Set down, word for word, the line with "Audubon Naturally" and the lines after it through the final line of the data below, without pictures.

### Dataset extract
======

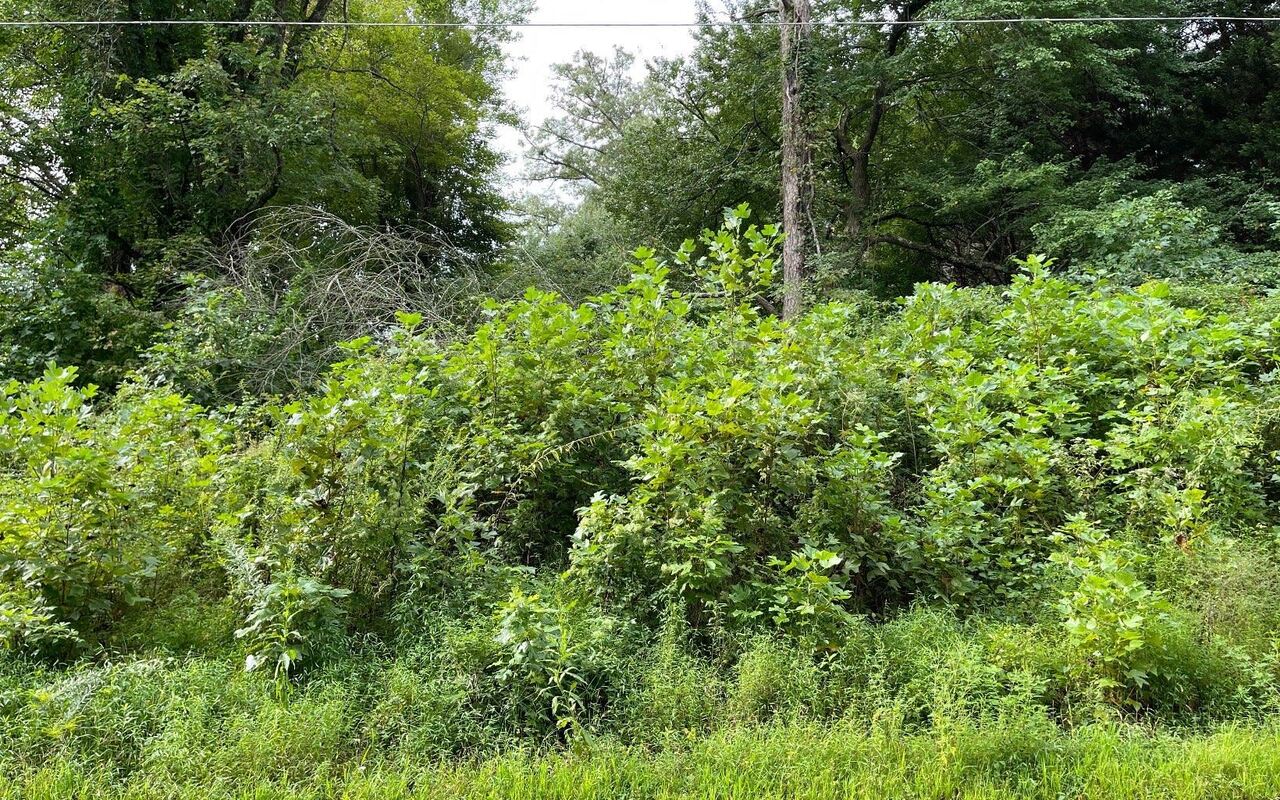 Lot 27 Sneaking Creek Drive Property Photo 9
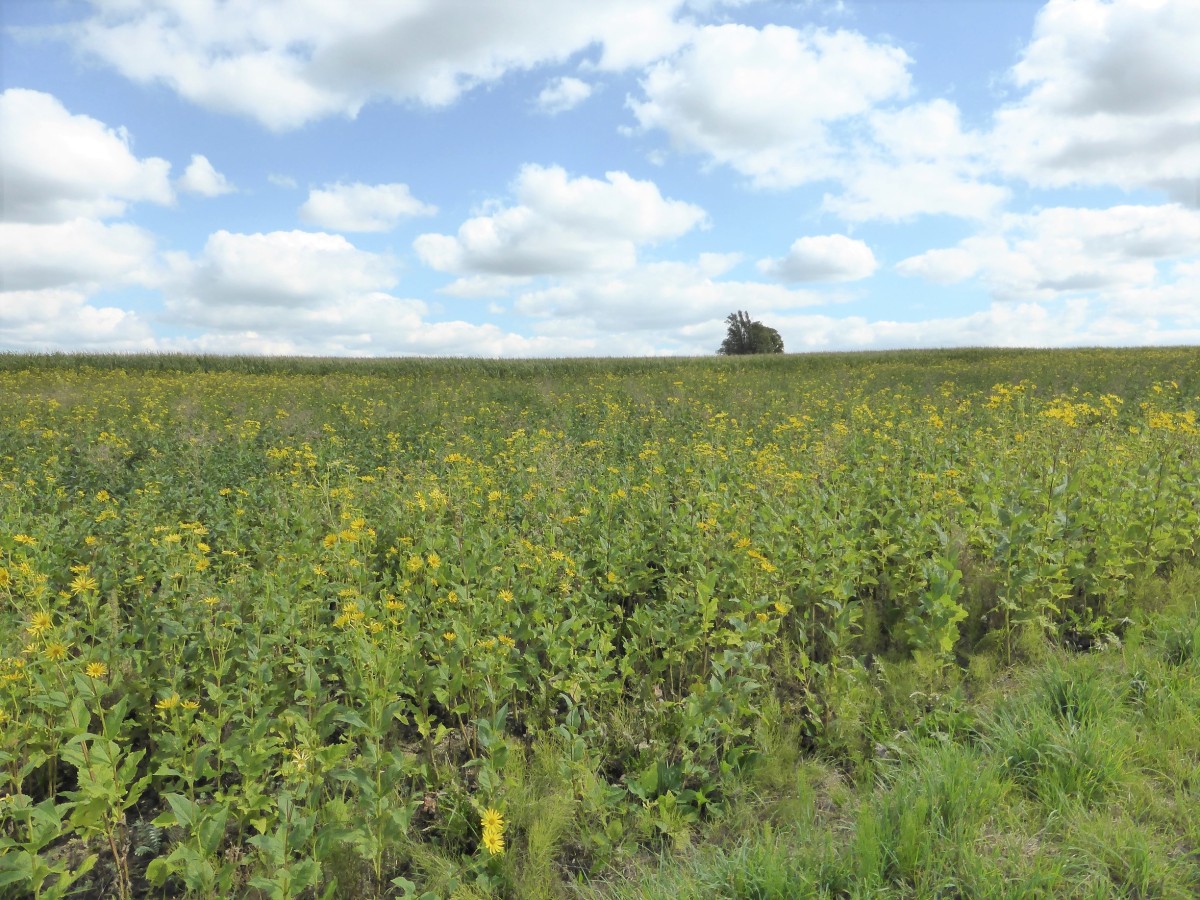 Ein Feld mit „Durchwachsene Silphie“-Pflanzen unter einem weiß-blauem Himmel.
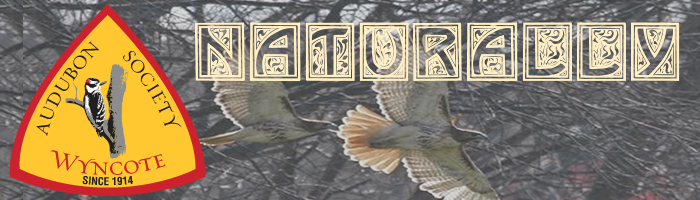Audubon Naturally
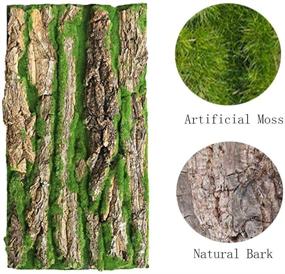 img 3 attached to 🦎 Enhance Your Reptile Habitat: PINVNBY Cork Terrarium Background and Artificial Moss - Gecko, Lizard, Tortoise, Chameleon (2 Pack)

======

### Answer section
Audubon Naturally
 img 3 attached to 🦎 Enhance Your Reptile Habitat: PINVNBY Cork Terrarium Background and Artificial Moss - Gecko, Lizard, Tortoise, Chameleon (2 Pack)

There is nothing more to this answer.